• _What is required_
Pictures in the listing below are skipped, while the lines from the "Boucles doreilles geometriques" line through the "1078 11th Ave SE - Photo 3 of 4" line are returned word for word.

Record set START

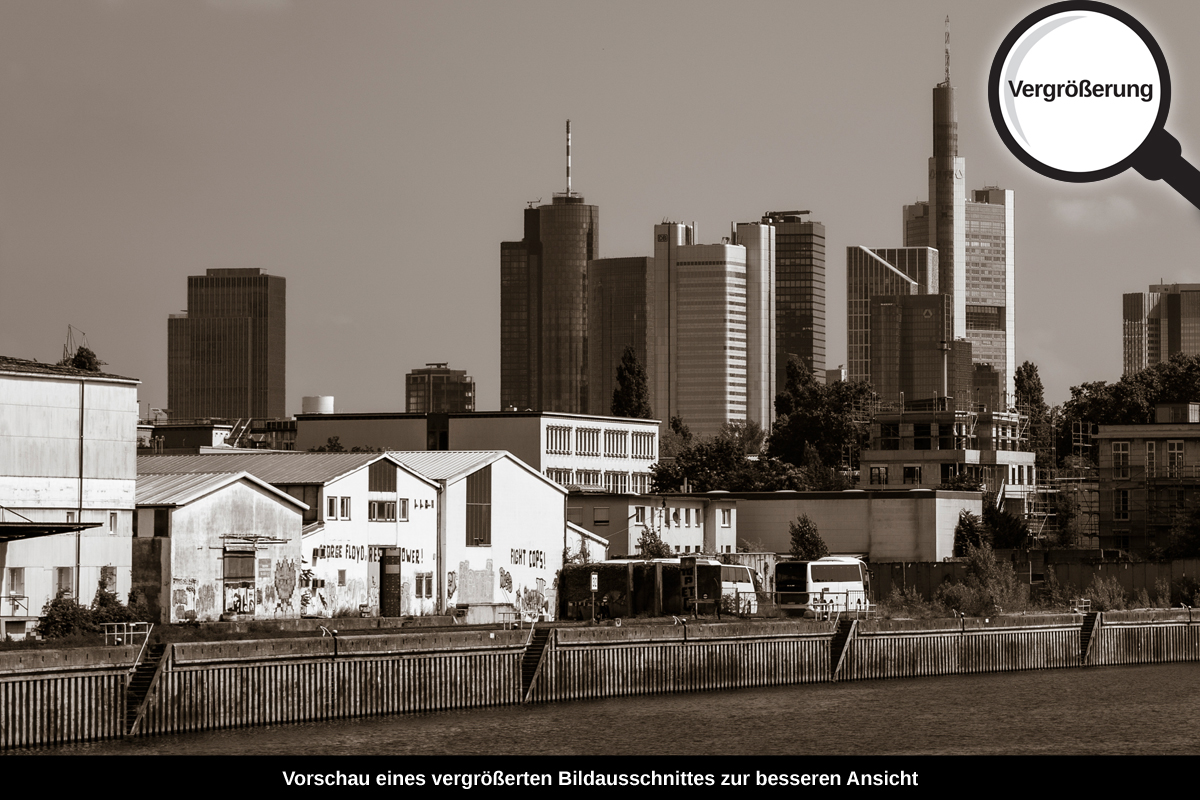 3-113-1256-bild-gross-stadt-industrie-monochrom_l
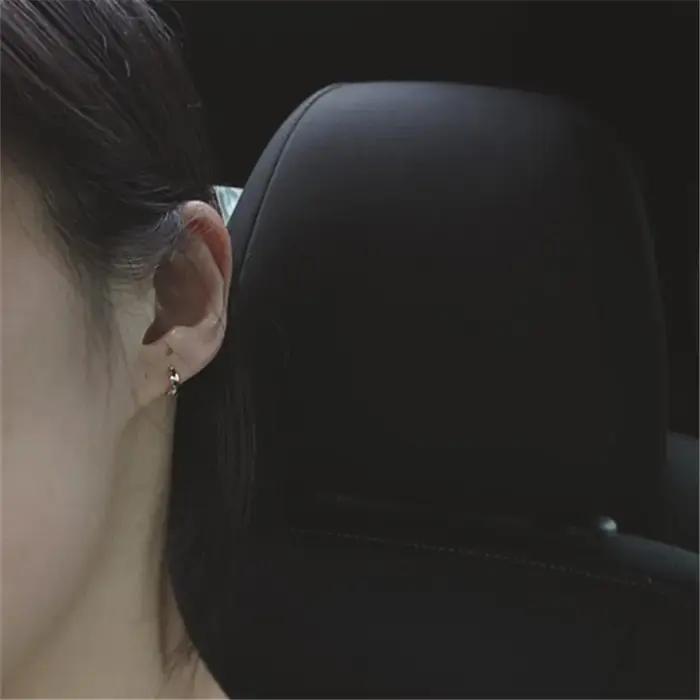 Boucles doreilles geometriques argent sterling 925 plaquees or 14k pour femmes occasions speciales elegance distinction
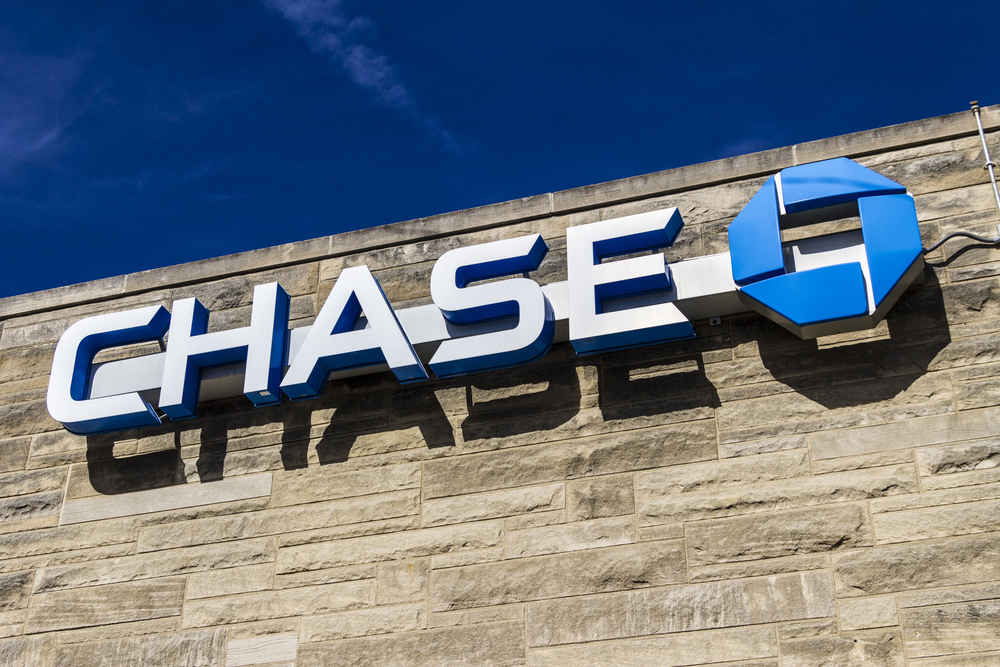 Chase Pay Inks Deal With Hmshost Parkmobile Pymnts Com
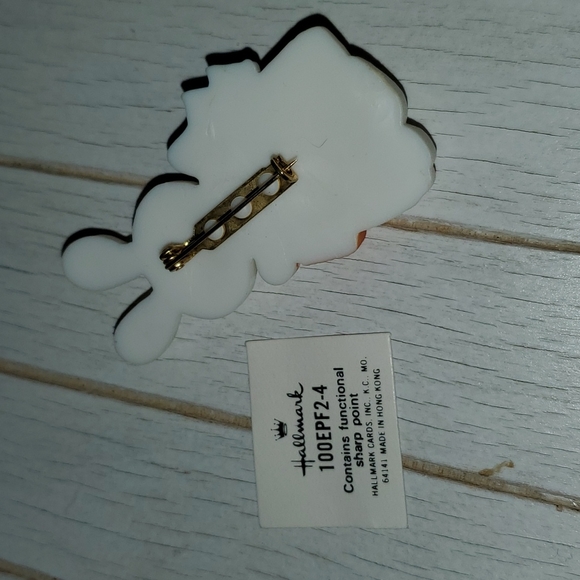 1975 Hallmark Bunny Brooch NWT - Picture 2 of 2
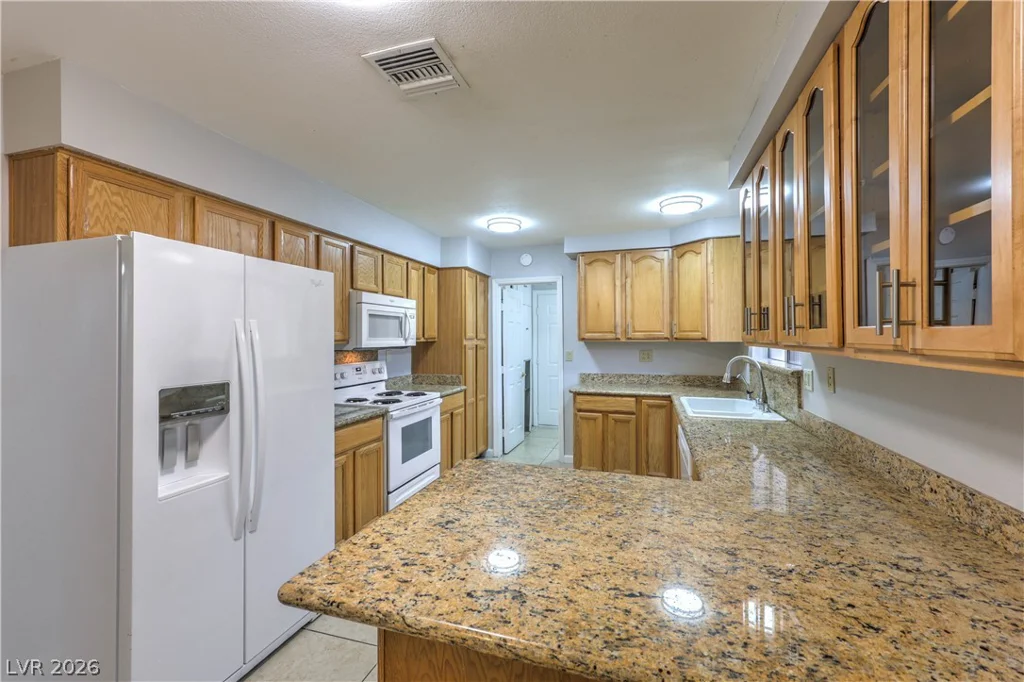 2016 Madeline, Las Vegas, NV 89108
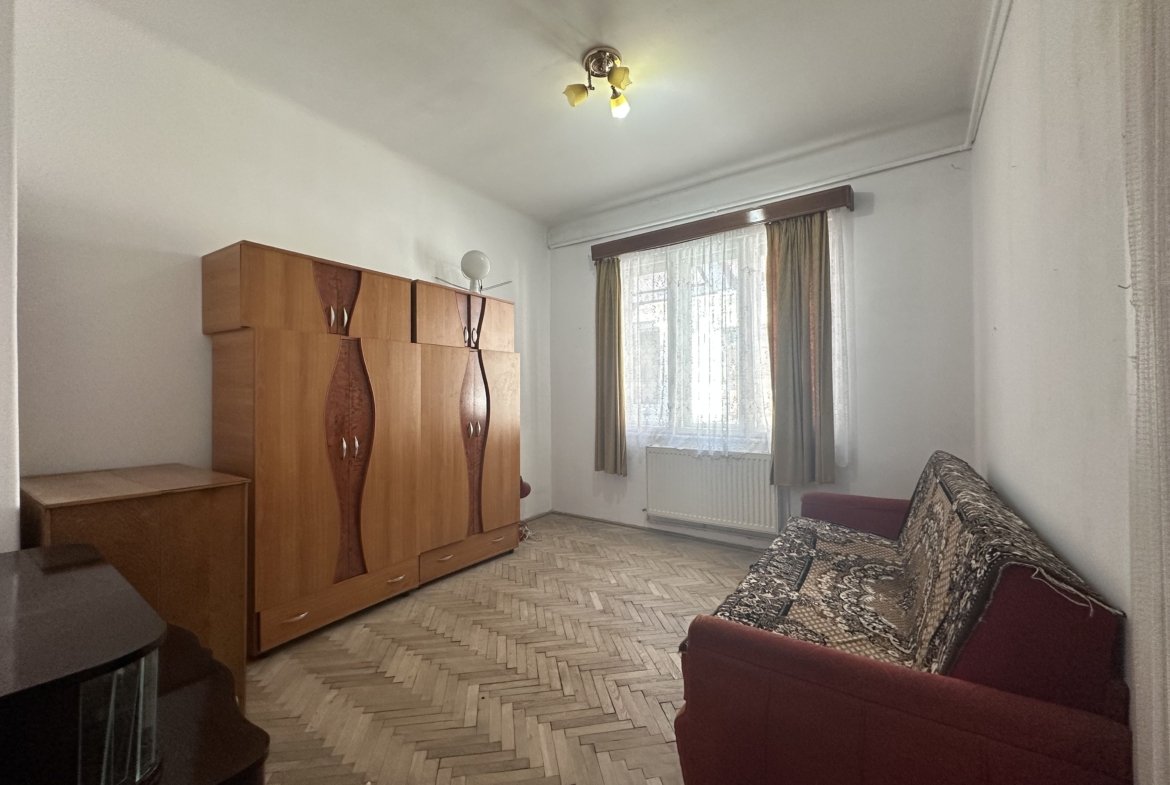 Apartament in casa spațios la doar 5-7 minute de Centrul Istoric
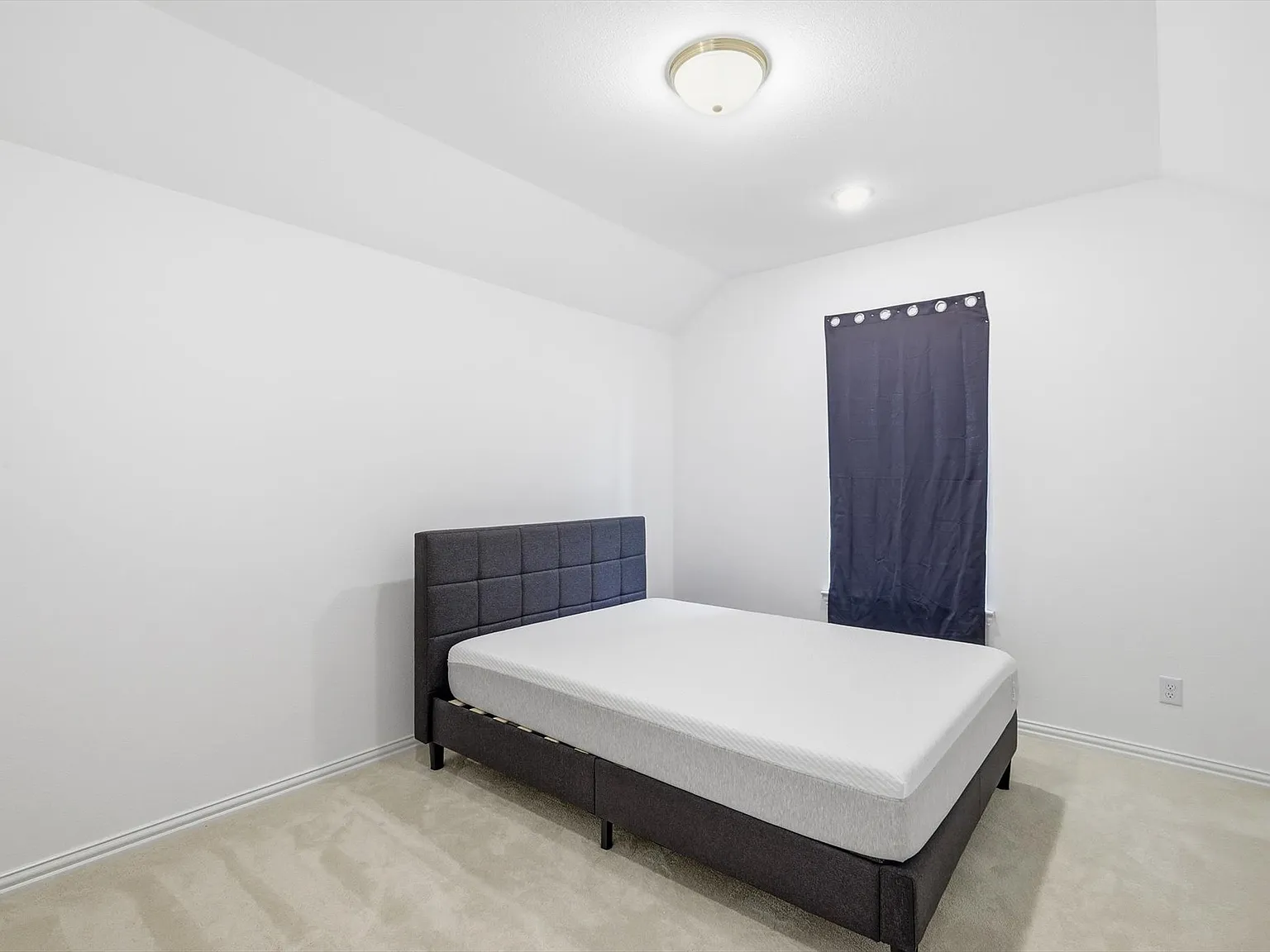 4 bed, 3316 sqft, $4,100 — Photo 1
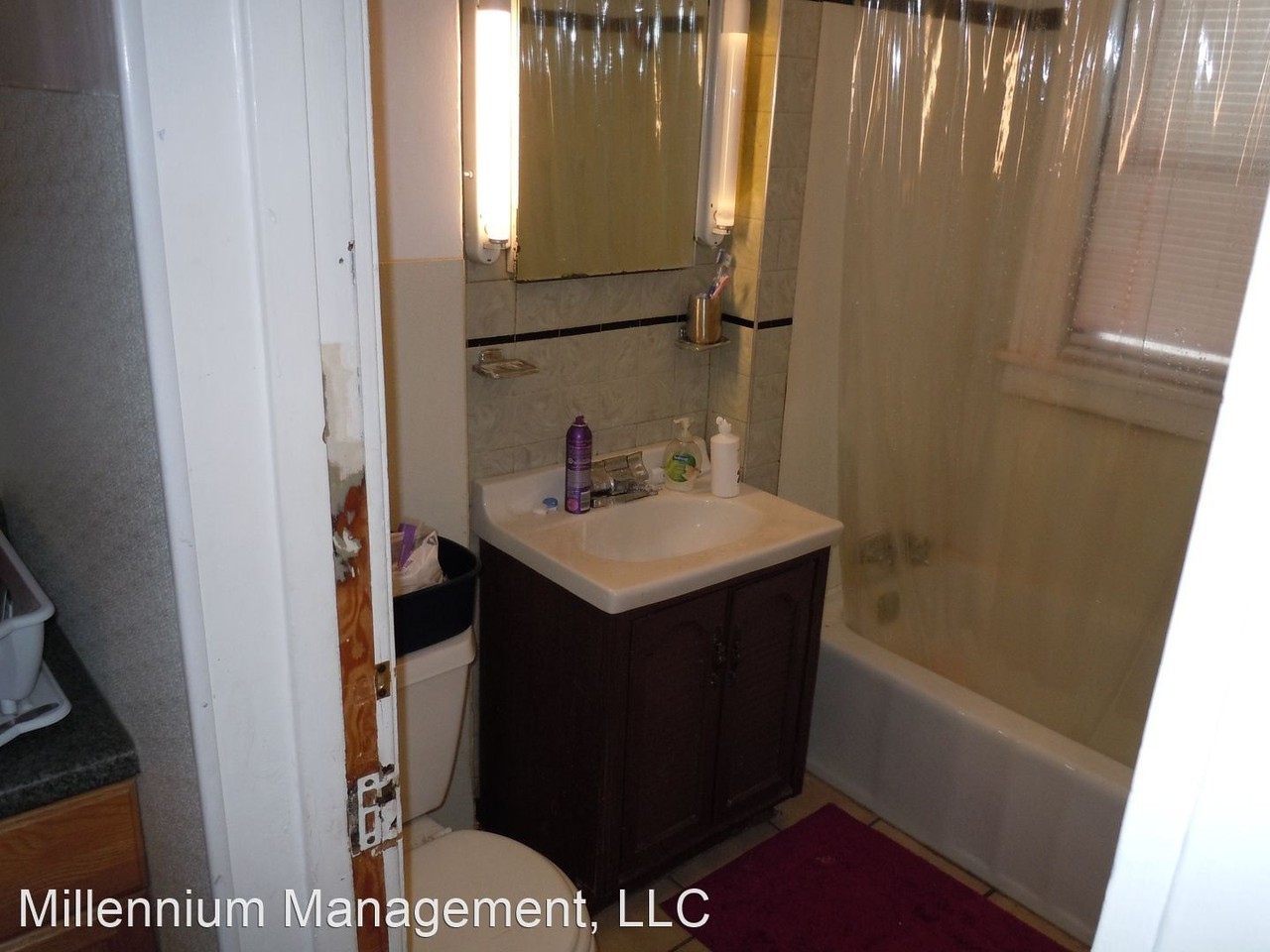 1078 11th Ave SE - Photo 3 of 4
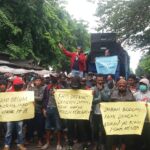 Tuntut Pembebasan 50 Nelayan, Ratusan Nelayan Kota Probolinggo, Luruk Kantor KKP PDSKP di Situbondo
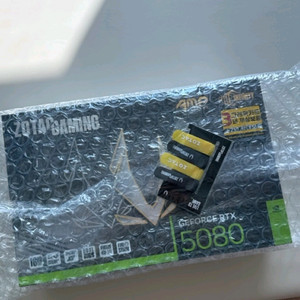 조텍Zotac RTX5080 AMP Extreme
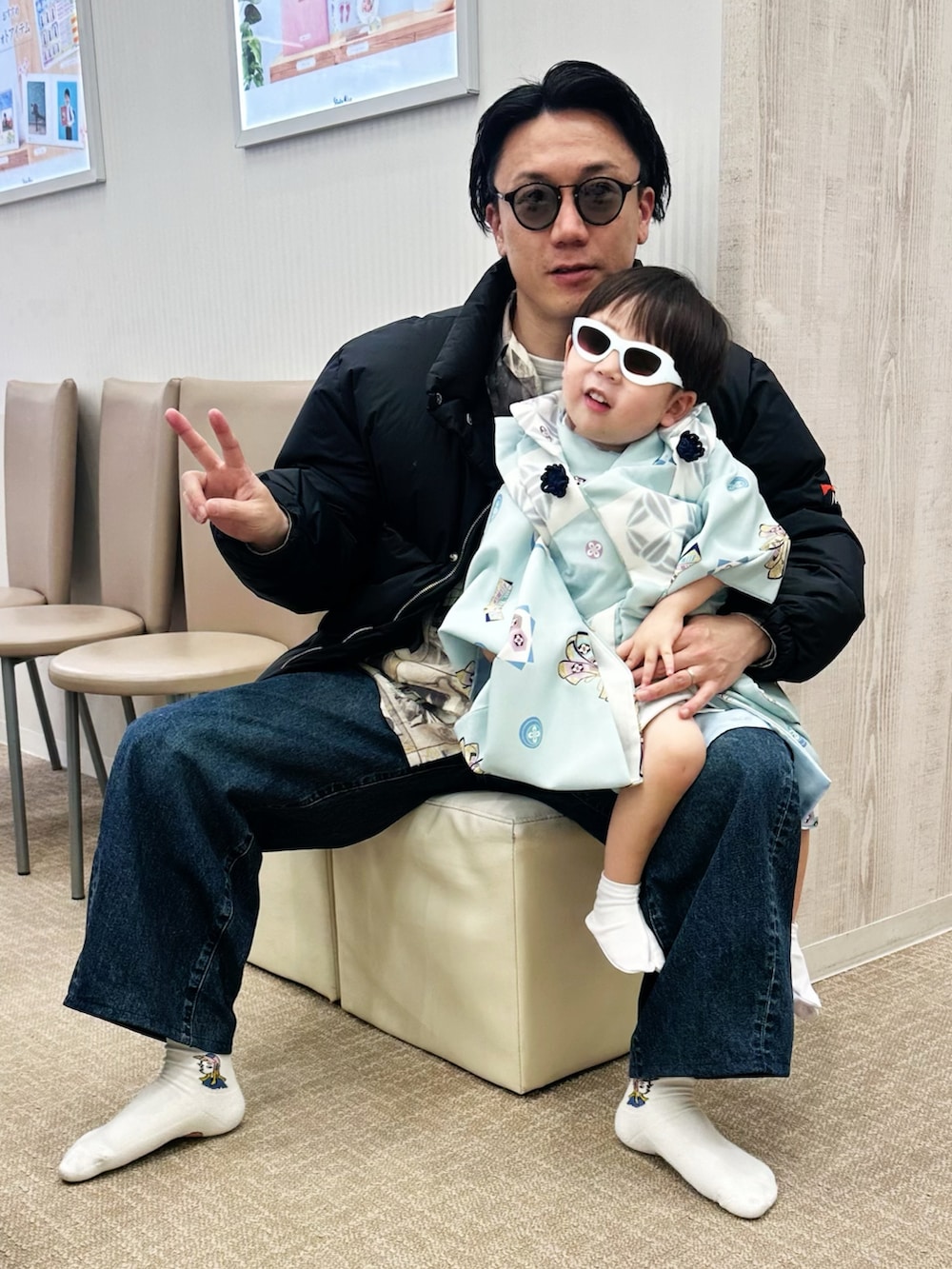 ブラック系のその他アウター、ベージュ系のシャツ/ブラウス、ブルー系のデニムパンツを着用したメンズの春コーディネートの4枚目の写真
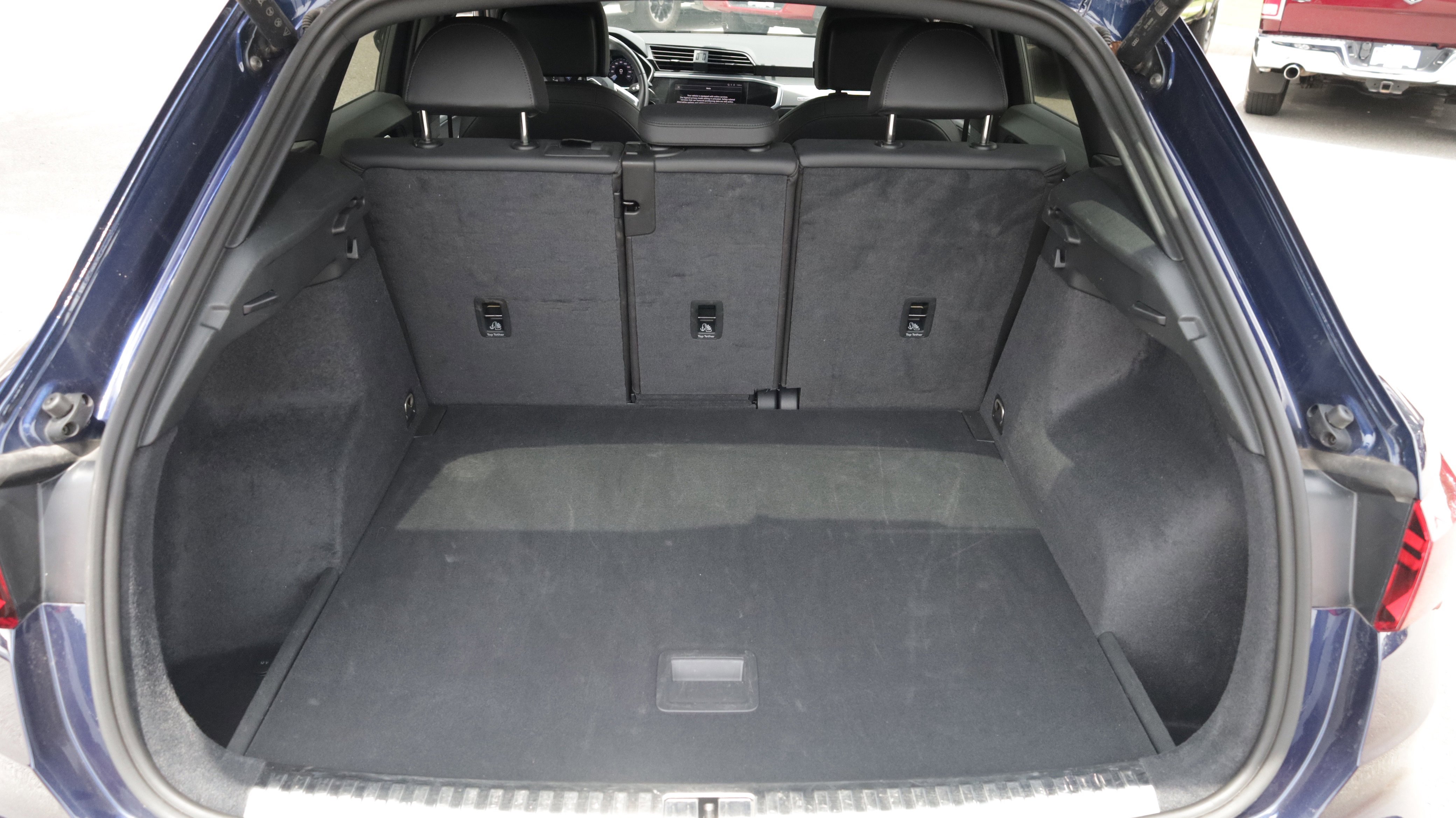 Used 2025 Audi Q3 2.0T Premium AWD/4WD image 12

Record set END

• _Response_
 Boucles doreilles geometriques argent sterling 925 plaquees or 14k pour femmes occasions speciales elegance distinction
 Chase Pay Inks Deal With Hmshost Parkmobile Pymnts Com
 1975 Hallmark Bunny Brooch NWT - Picture 2 of 2
 2016 Madeline, Las Vegas, NV 89108
 Apartament in casa spațios la doar 5-7 minute de Centrul Istoric
 4 bed, 3316 sqft, $4,100 — Photo 1
 1078 11th Ave SE - Photo 3 of 4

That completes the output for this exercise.